Evergreen county cricketer Darren Stevens has shown age is just a number, dominating play against a Glamorgan side featuring Australian representatives Marnus Labuschagne and Michael Neser.
Key points:
- Darren Stevens hit 15 sixes in his 149-ball, 190-run innings
- Stevens was named Wisden’s cricketer of the year in April
- The Barmy Army, England’s cricket supporters club, said he should be in contention for the Ashes
On a cold and windy day at St Lawrence Ground in Canterbury, the 45-year-old launched an incredible counterattack for Kent, hitting 190 runs after his side slumped to five for 80, belting them to a score of 294 before being dismissed by Labuschagne’s part-time leg-spin.
Coming in at number seven, Stevens started his innings carefully before going on to club 15 sixes and 15 fours in his 149-ball knock.
In a 166-run stand with Miguel Cummins, the West Indies fast bowler scored only one run as Stevens hogged the strike in a partnership that eclipsed even Ben Stokes’s effort with Jack Leach at Headingly in the 2019 Ashes.
Loading
“We were in a tough situation,” he told Kent Cricket’s website after the day’s play.
“All I was worried about was trying to hit a boundary the first three balls [of each over] and then get off strike.”
The innings saw Stevens break the record for the most sixes in a first-class innings by a player aged 40 or over, according to cricket statistician Andrew Samson.
Stevens was also credited with the highest first-class partnership in which one batsman scored more than 90 per cent of the runs.
Still destructive with the ball too
After his side was eventually all out for 307, the wily veteran then returned with the ball late in the afternoon to dismiss Labuschagne lbw, for the second time this season.
Loading
It marks a season to forget so far for Australia’s Test number three, who has scored only 44 runs in his five county innings so far.
Stevens also got the better of former Australian Test batsman Travis Head in Kent’s match against Sussex earlier this month, bowling him out for 20 as he picked up three wickets for 64 off 22 economical overs.
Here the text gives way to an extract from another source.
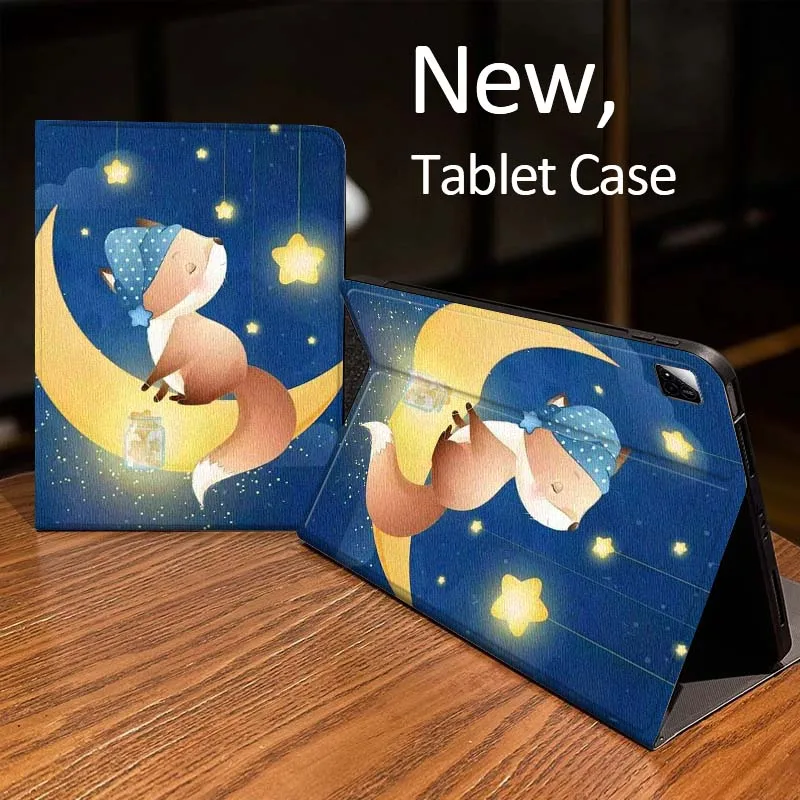 

Cartoon Bear Heart Flower Case For Xiaomi Mi Redmi Pad 2 4 5 7S 6S 6 7 8 Plus SE Pro K 2025 inch 8.7 11 Tablet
In his 25th season of county cricket, Stevens’s medium pacers have so far brought him 19 wickets at an average of 20.2 runs a wicket.
It is the sort of consistency that saw him win Wisden’s illustrious Cricketer of the Year award in April, making him the oldest player since 1933 to do so.
After struggling with the bat since a century in early April, Stevens thinks his swashbuckling 190 will now prompt some of his younger teammates to take more notice of him.
“There’s a few young faces, newcomers to the side that have not seen me play as well and there were a few rumours flying around about how I do play.
“They were just really pleased to actually see it and I’m pleased to perform and get us in a great position.”
Barmy Army backs Stevens for Ashes
England’s cricket supporters club, the Barmy Army, has even pushed for Stevens’s selection for the Ashes at the end of the year, tweeting “get him on the plane” next to an Australian flag.
Loading
Despite never playing for England’s Test side, Stevens did tour Australia as part of a National Academy squad in 2002 and does still have cricketing contacts in Australia.
“I get a lot of messages from people all around the world,” Stevens told British website inews.co.uk in April.
“I played a bit of cricket in Australia and a lot of Australians in their early 40s and late 30s who are thinking about retiring get in touch and say, ‘If it wasn’t for you I would be hanging them up, but if you can do it we all can.’
“It’s too easy to discard a sportsman as soon as they get to a certain age but if your body is still up to it then why not carry on? I think we 100 per cent need to rethink that mindset.”